Un ricatto possibile perché la questione Ilva e Taranto con gli anni si è fatta “sistema di connivenza tra politica, impresa e sindacati”. “Chi oggi continua a rappresentare i cittadini sono gli stessi che hanno regalato lo stabilimento alla famiglia Riva. Gli stessi che non hanno avuto il coraggio di fare una cosa semplicissima: l’esproprio, la nazionalizzazione dell’Ilva”.

Da qui, secondo Rizzo, due paradossi: “la solitudine della magistratura”, e il tutti contro tutti di Taranto. Con il muro contro muro tra i sindacati confederali e quelli di base, e con i lavoratori che subito dopo i sigilli della magistratura “sono stati usati dal sistema, messi sulla bilancia, pedine di scambio e del malcontento industriale. Ci hanno preso per il culo, mi hanno preso per il culo. Perché non è cambiato niente”.

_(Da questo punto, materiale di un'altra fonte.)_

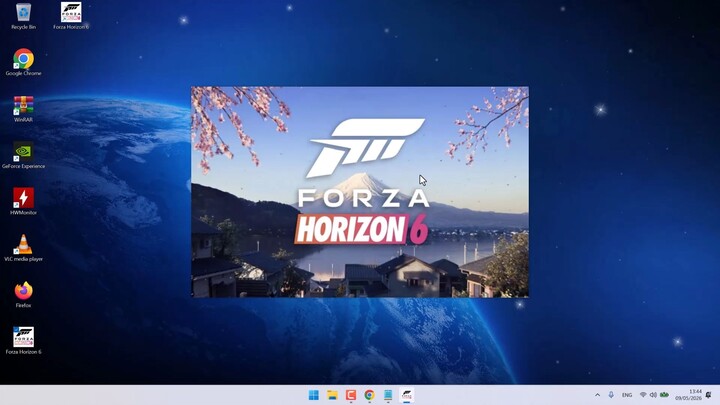 Forza Horizon 6 Download for PC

Eppure dopo 4 anni di indagini la magistratura metterà sotto indagine 53 persone, tra cui il governatore della Puglia, Nichi Vendola. “Vendola è lo specchio della politica italiana, la connivenza c’era è c’è ancora a tutti i livelli, questo è un territorio che ha bisogno di pulizia. C’è una popolazione che sta morendo, dove tumori sono velocissimi e la diagnostica privata costa troppo cara. E tu che fai? Rinforzi il sistema sanitario, fai l’esenzione dei ticket? No, tagli. Qui si muore di tumore e non lo sai, mentre sei in lista di attesa”.